[What to produce]: Each line of the data below holding the word "floor" must be copied.

[Exercise material]:
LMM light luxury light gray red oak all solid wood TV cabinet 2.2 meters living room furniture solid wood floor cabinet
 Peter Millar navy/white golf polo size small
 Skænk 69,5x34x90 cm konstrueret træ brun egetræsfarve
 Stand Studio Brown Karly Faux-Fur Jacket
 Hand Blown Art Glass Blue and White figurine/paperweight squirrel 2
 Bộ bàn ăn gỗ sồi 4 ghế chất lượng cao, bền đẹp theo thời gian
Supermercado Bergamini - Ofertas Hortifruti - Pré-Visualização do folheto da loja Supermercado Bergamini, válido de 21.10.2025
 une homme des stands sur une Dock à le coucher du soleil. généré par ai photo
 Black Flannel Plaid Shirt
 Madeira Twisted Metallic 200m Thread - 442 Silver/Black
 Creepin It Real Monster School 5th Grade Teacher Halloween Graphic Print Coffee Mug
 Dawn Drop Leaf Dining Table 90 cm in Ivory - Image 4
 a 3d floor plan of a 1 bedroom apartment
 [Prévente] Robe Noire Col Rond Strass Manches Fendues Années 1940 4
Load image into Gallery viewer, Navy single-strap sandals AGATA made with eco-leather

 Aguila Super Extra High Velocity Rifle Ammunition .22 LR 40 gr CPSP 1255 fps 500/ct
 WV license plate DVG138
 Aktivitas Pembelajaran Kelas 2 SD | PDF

[Written response]:
LMM light luxury light gray red oak all solid wood TV cabinet 2.2 meters living room furniture solid wood floor cabinet
 a 3d floor plan of a 1 bedroom apartment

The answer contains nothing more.